Okay, so what kind of soul was Esther? To the surprise of almost everyone, it seems that she wasn't a "nice" girl at all. After all she found "favor" in the eyes of her Party Boy King. When the story tells us that the King gave "The Banquet of Esther", it implies Esther was the main "dish".

Now the funny thing is she's got an uncle who really isn't her uncle but who really was her cousin but what ever her "Uncle" tells this bad girl, she will do. Confused?

I know I was but the story is telling us something about Mordechai. Mordechai's name means something like "bitter life". What is his relationship to the soul, our Queen Esther? The story tells us at one point: "When Mordechai was sitting at the palace gate..." [Esther 2.21]. Now this implies to us that Mordechai made his living as beggar, for who else would sit at the palace gates?

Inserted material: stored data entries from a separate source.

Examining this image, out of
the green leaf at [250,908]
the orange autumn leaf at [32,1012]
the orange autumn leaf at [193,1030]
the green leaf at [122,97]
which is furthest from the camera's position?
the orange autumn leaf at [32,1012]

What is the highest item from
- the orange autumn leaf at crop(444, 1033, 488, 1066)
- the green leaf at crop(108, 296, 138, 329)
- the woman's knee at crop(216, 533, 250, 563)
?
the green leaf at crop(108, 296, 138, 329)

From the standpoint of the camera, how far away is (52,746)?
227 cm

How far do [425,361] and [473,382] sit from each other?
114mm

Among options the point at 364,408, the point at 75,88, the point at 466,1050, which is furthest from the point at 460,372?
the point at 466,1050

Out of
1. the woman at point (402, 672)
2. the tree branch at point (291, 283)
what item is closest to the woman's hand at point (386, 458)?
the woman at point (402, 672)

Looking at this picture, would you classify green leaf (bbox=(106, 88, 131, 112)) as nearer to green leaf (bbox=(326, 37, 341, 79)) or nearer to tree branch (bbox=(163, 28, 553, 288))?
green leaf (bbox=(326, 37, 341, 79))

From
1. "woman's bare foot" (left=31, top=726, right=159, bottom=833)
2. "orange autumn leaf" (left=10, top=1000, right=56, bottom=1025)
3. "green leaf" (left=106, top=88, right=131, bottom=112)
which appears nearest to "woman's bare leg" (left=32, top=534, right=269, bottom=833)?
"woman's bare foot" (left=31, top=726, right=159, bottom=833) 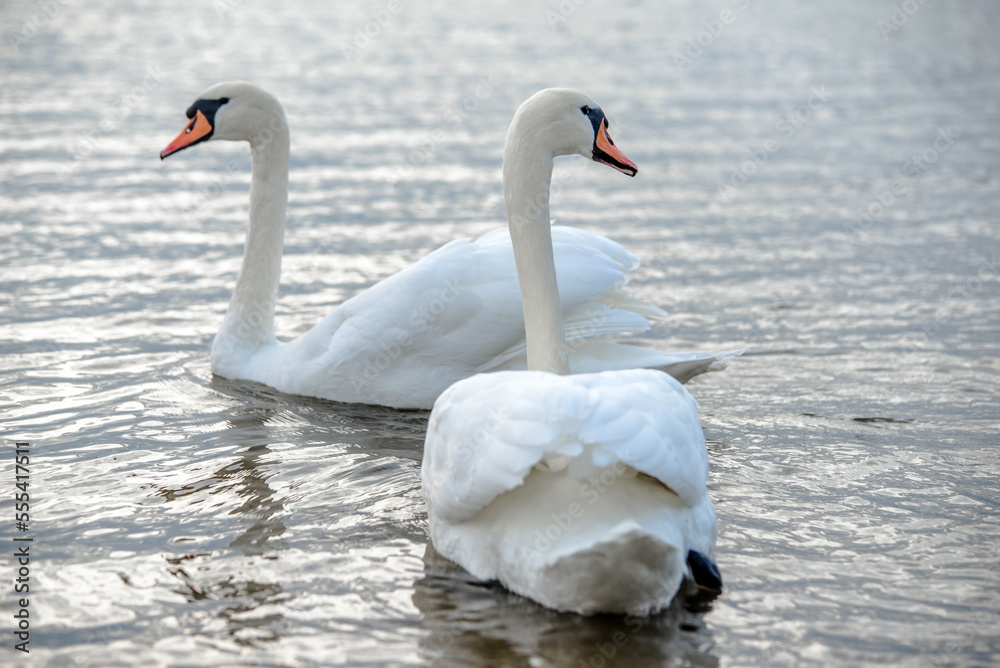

If he were a rich man he'd be about his business or if he were a sage he'd be within the the King's palace itself [remember he *is* the Melech HaOlam] .

So how does Mordechai relate to the soul? Well the story tells us that Mordechai told Esther to do certain things and she did these things. So what kind of beggar sits before the "palace gates" of the Melech HaOlam and instructs the soul? You have it! The Yetzer HaTov -- The "Good Inclination", The Messenger of Good who sits at the gateway of the palace hoping you'll stop to listen for a moment to the words of good inclination.

So Mordechai has told Esther: "Go join the beauty pagent. You have a chance at becoming Ahasuersus' new wife but what ever you do, don't reveal to anyone you are a Jew." He does not say why but most of us know that being a Jew can make one's life hard in the face of prejudice and ignorance.

Okay, so what is this business about "revealing it all"? Esther reveals the glory of her soul to all and what is the result? She is honored and well loved by the King. "The King loved Esther more than all the other women, and she won his grace and favor more than all the virgins." [Esther 2.17]

But what really is the Soul?

The Jewish Kabbalistic Masters of the middle ages told us the soul is nothing more [and nothing less] than "sparks" of the Holy One trapped in the "shells" of existance. The Hebrew word Neshamah or soul has its roots in the word for breath. The Rabbis said our soul [neshamah] is nothing less than the breath of the One G-d that created us. "He blew into his nostrils the breath of life, and man became a living being." [Bereshit 2.7]

Our "soul", the Queen Esther in our story, is honored above "woman or virgin" because she was open to the embrace of the devine. She was willing to reveal to the whole wide world the true beauty and grace of the divine breath within her. Unlike Vashti, Esther was willing to give, do, and obey whatever the Melech HaOlam asked of her. Remember: "We will do, We will obey"?